Saved data entries
- - - - -

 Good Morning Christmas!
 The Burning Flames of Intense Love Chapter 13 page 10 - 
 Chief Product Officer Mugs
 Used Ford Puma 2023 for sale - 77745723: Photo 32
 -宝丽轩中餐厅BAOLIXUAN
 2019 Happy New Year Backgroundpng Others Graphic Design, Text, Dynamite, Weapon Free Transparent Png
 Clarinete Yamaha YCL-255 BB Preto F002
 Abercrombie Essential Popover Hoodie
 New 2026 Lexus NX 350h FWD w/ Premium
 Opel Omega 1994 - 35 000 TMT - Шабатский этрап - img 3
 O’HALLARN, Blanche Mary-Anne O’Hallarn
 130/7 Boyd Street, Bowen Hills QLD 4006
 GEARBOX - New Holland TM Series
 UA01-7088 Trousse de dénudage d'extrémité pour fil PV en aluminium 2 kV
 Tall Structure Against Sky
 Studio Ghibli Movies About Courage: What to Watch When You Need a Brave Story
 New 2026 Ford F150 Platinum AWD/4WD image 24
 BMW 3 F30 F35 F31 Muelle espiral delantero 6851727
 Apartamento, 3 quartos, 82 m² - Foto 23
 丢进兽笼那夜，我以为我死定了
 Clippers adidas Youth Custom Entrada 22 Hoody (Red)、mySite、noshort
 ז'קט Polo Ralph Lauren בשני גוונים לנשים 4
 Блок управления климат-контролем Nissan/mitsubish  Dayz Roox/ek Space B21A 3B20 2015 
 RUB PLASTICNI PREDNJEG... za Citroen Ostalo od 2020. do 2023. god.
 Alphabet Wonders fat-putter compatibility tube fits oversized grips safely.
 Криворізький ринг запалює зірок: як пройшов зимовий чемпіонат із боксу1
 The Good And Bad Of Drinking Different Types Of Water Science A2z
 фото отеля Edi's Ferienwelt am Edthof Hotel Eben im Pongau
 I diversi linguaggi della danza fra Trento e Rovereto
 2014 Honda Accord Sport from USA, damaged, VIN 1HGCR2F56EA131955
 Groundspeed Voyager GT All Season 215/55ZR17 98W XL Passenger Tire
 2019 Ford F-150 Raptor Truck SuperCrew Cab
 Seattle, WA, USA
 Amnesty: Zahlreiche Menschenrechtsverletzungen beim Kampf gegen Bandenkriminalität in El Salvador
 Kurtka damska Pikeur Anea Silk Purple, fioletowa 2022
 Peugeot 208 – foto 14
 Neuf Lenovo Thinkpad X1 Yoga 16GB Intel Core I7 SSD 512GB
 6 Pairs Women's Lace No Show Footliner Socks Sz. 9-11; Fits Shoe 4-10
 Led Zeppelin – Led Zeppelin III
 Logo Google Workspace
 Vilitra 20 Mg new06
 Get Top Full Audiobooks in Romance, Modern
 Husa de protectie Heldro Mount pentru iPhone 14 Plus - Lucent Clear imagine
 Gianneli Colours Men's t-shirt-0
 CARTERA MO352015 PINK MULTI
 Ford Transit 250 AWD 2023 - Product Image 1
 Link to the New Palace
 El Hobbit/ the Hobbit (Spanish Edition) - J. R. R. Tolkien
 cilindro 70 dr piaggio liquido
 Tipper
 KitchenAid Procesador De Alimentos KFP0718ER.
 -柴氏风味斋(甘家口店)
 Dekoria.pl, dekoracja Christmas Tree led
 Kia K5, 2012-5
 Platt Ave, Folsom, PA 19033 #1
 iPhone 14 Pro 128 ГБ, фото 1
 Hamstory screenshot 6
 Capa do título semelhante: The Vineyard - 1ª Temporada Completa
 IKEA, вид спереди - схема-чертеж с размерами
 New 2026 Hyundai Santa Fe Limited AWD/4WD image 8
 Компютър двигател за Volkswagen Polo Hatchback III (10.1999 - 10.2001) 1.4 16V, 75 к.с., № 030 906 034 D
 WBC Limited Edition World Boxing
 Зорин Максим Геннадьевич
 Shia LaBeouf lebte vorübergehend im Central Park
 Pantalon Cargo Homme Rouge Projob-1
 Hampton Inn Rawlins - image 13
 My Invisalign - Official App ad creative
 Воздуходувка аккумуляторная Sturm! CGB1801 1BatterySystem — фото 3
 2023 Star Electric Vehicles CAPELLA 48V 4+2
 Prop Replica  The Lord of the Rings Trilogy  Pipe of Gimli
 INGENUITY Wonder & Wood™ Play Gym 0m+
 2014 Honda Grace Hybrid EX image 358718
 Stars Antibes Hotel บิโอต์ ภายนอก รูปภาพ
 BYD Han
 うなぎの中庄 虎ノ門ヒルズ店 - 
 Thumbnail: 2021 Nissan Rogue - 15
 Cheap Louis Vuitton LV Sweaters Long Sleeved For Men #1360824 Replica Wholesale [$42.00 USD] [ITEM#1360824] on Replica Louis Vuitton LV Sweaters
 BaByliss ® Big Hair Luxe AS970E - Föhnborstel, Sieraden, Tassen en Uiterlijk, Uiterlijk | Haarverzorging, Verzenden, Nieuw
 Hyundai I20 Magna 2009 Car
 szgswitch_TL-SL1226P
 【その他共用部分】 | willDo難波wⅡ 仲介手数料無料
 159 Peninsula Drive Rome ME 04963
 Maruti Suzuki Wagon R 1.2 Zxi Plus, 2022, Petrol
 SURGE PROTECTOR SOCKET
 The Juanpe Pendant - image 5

- - - - -

TASK REQUIREMENTS
Return every record exactly as it was given.

SOLUTION
 Good Morning Christmas!
 The Burning Flames of Intense Love Chapter 13 page 10 - 
 Chief Product Officer Mugs
 Used Ford Puma 2023 for sale - 77745723: Photo 32
 -宝丽轩中餐厅BAOLIXUAN
 2019 Happy New Year Backgroundpng Others Graphic Design, Text, Dynamite, Weapon Free Transparent Png
 Clarinete Yamaha YCL-255 BB Preto F002
 Abercrombie Essential Popover Hoodie
 New 2026 Lexus NX 350h FWD w/ Premium
 Opel Omega 1994 - 35 000 TMT - Шабатский этрап - img 3
 O’HALLARN, Blanche Mary-Anne O’Hallarn
 130/7 Boyd Street, Bowen Hills QLD 4006
 GEARBOX - New Holland TM Series
 UA01-7088 Trousse de dénudage d'extrémité pour fil PV en aluminium 2 kV
 Tall Structure Against Sky
 Studio Ghibli Movies About Courage: What to Watch When You Need a Brave Story
 New 2026 Ford F150 Platinum AWD/4WD image 24
 BMW 3 F30 F35 F31 Muelle espiral delantero 6851727
 Apartamento, 3 quartos, 82 m² - Foto 23
 丢进兽笼那夜，我以为我死定了
 Clippers adidas Youth Custom Entrada 22 Hoody (Red)、mySite、noshort
 ז'קט Polo Ralph Lauren בשני גוונים לנשים 4
 Блок управления климат-контролем Nissan/mitsubish  Dayz Roox/ek Space B21A 3B20 2015 
 RUB PLASTICNI PREDNJEG... za Citroen Ostalo od 2020. do 2023. god.
 Alphabet Wonders fat-putter compatibility tube fits oversized grips safely.
 Криворізький ринг запалює зірок: як пройшов зимовий чемпіонат із боксу1
 The Good And Bad Of Drinking Different Types Of Water Science A2z
 фото отеля Edi's Ferienwelt am Edthof Hotel Eben im Pongau
 I diversi linguaggi della danza fra Trento e Rovereto
 2014 Honda Accord Sport from USA, damaged, VIN 1HGCR2F56EA131955
 Groundspeed Voyager GT All Season 215/55ZR17 98W XL Passenger Tire
 2019 Ford F-150 Raptor Truck SuperCrew Cab
 Seattle, WA, USA
 Amnesty: Zahlreiche Menschenrechtsverletzungen beim Kampf gegen Bandenkriminalität in El Salvador
 Kurtka damska Pikeur Anea Silk Purple, fioletowa 2022
 Peugeot 208 – foto 14
 Neuf Lenovo Thinkpad X1 Yoga 16GB Intel Core I7 SSD 512GB
 6 Pairs Women's Lace No Show Footliner Socks Sz. 9-11; Fits Shoe 4-10
 Led Zeppelin – Led Zeppelin III
 Logo Google Workspace
 Vilitra 20 Mg new06
 Get Top Full Audiobooks in Romance, Modern
 Husa de protectie Heldro Mount pentru iPhone 14 Plus - Lucent Clear imagine
 Gianneli Colours Men's t-shirt-0
 CARTERA MO352015 PINK MULTI
 Ford Transit 250 AWD 2023 - Product Image 1
 Link to the New Palace
 El Hobbit/ the Hobbit (Spanish Edition) - J. R. R. Tolkien
 cilindro 70 dr piaggio liquido
 Tipper
 KitchenAid Procesador De Alimentos KFP0718ER.
 -柴氏风味斋(甘家口店)
 Dekoria.pl, dekoracja Christmas Tree led
 Kia K5, 2012-5
 Platt Ave, Folsom, PA 19033 #1
 iPhone 14 Pro 128 ГБ, фото 1
 Hamstory screenshot 6
 Capa do título semelhante: The Vineyard - 1ª Temporada Completa
 IKEA, вид спереди - схема-чертеж с размерами
 New 2026 Hyundai Santa Fe Limited AWD/4WD image 8
 Компютър двигател за Volkswagen Polo Hatchback III (10.1999 - 10.2001) 1.4 16V, 75 к.с., № 030 906 034 D
 WBC Limited Edition World Boxing
 Зорин Максим Геннадьевич
 Shia LaBeouf lebte vorübergehend im Central Park
 Pantalon Cargo Homme Rouge Projob-1
 Hampton Inn Rawlins - image 13
 My Invisalign - Official App ad creative
 Воздуходувка аккумуляторная Sturm! CGB1801 1BatterySystem — фото 3
 2023 Star Electric Vehicles CAPELLA 48V 4+2
 Prop Replica  The Lord of the Rings Trilogy  Pipe of Gimli
 INGENUITY Wonder & Wood™ Play Gym 0m+
 2014 Honda Grace Hybrid EX image 358718
 Stars Antibes Hotel บิโอต์ ภายนอก รูปภาพ
 BYD Han
 うなぎの中庄 虎ノ門ヒルズ店 - 
 Thumbnail: 2021 Nissan Rogue - 15
 Cheap Louis Vuitton LV Sweaters Long Sleeved For Men #1360824 Replica Wholesale [$42.00 USD] [ITEM#1360824] on Replica Louis Vuitton LV Sweaters
 BaByliss ® Big Hair Luxe AS970E - Föhnborstel, Sieraden, Tassen en Uiterlijk, Uiterlijk | Haarverzorging, Verzenden, Nieuw
 Hyundai I20 Magna 2009 Car
 szgswitch_TL-SL1226P
 【その他共用部分】 | willDo難波wⅡ 仲介手数料無料
 159 Peninsula Drive Rome ME 04963
 Maruti Suzuki Wagon R 1.2 Zxi Plus, 2022, Petrol
 SURGE PROTECTOR SOCKET
 The Juanpe Pendant - image 5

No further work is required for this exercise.